As Aventuras de Mura no País da Ditadura


Episódio 2: O DOPS e a aula de Educação Moral e Cívica.





Um dia, eu tive que mudar de escola. A escola em que eu estudava ia apenas até a 4°série. E eu estava entrando no Ginasial, que corresponde hoje ao Fundamental Maior, a partir da 6° série.
Muitos estudantes, dependendo de sua situação de aprendizagem, faziam um ano de “Admissão”, entre a 4 série de primário e o 1 série do ginasial. Para saber se isso seria necessário, a gente fazia uma prova. Daí, minha mãe me levou para fazer a tal prova no novo colégio que haviam escolhido pra mim.
Fui lá.
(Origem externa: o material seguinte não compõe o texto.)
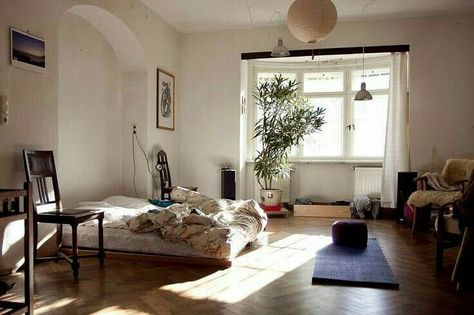 Newlywed Bedroom, Mattress On Floor, Floor Bed, House Room, Bedroom Aesthetic, Apartment Interior, Small Living Rooms, Design Living, Bedroom Storage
Fiz a prova. E acho que devo ter ido bem o suficiente para não precisar fazer o “Admissão”. Não me lembro de notas e essas coisas. Só me lembro de começar, com uniforme novo, o primeiro ano do Ginásio. “Puxa vida, estou no ginásio. Praticamente um adulto” - bom, vocês conhecem essa pretensão de maturidade que acompanha nossos progressos escolares, não é? Olhava para os meninos do primário e pensava: “pirralhos”...
Mudar de colégio é quase sempre complicado, mas, pra mim, foi ainda mais. O colégio anterior era pequeno, quase familiar, boa parte dos pais se conheciam. A quarta série, por exemplo, tinha apenas duas turmas, e com no máximo 30 alunos em sala.
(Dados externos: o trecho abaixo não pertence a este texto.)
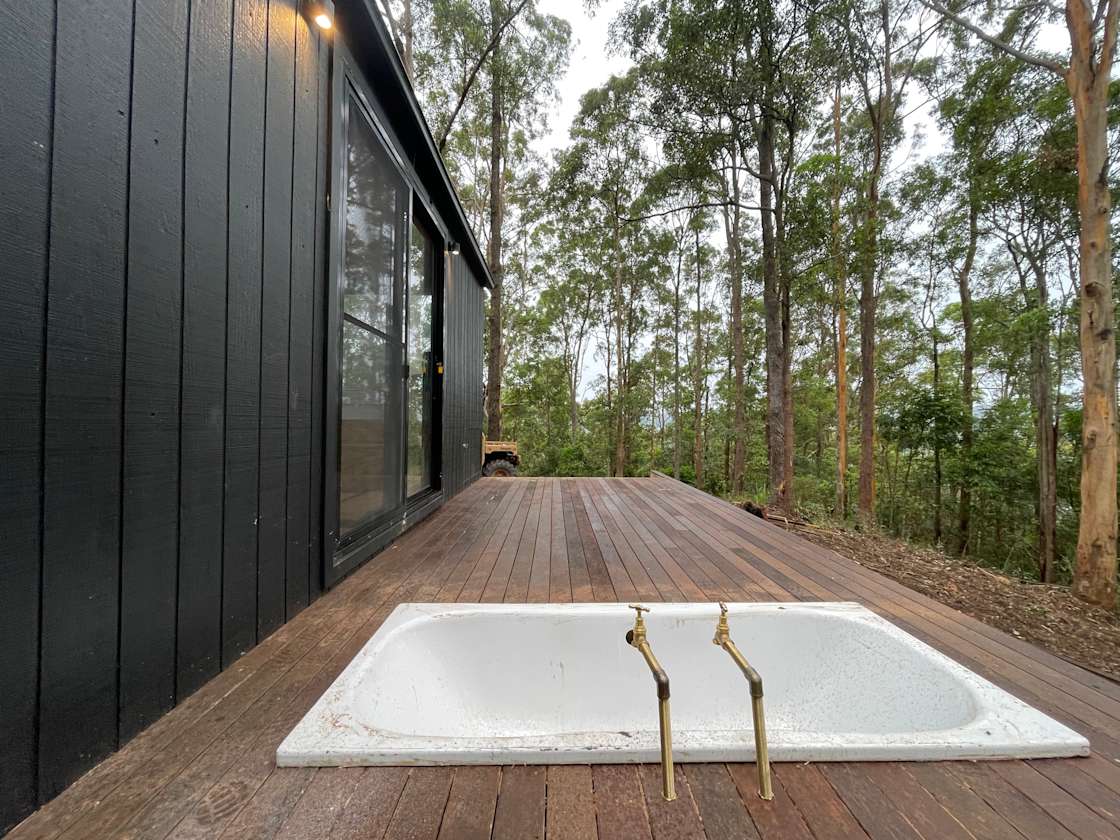 Black Cockatoo Valley Hipcamp in Witta, Queensland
O novo colégio era imenso, um prédio enorme com quatro andares e ocupava um quarteirão inteiro, com frente para a av. Bernardo Monteiro. Ainda existem em Belo Horizonte - tanto o prédio quanto o colégio. E eram umas quatro turmas de cada série, do Ginásio e do Científico (atual Ensino Médio).
Quanto vi aqueles galalaus do Científico entrando no colégio, percebi que eu voltara a ser “pirralho” muito rapidamente. A alegria de bancar o vivido e experiente, tinha sido fugaz.
Um detalhe importante: o colégio era só para homens. A maioria dos colégios em Belo Horizonte já tinha abandonado a prática de receberem somente meninos ou somente meninas e já eram mistos. Mas no colégio em que eu entrava, as turmas  “mistas” estavam previstas apenas para o ano seguinte.
Procurei a minha sala, no primeiro andar. Turma B. Entrei, tentando evitar muitos contatos com os novos colegas - sou tímido, sabe como é. Sentei-me mais ou menos no meio da sala. As carteiras eram grande e pesadas, ainda com aquelas tampas que levantavam. Tinha até lugar para colocar o tinteiro, que ninguém usava mais.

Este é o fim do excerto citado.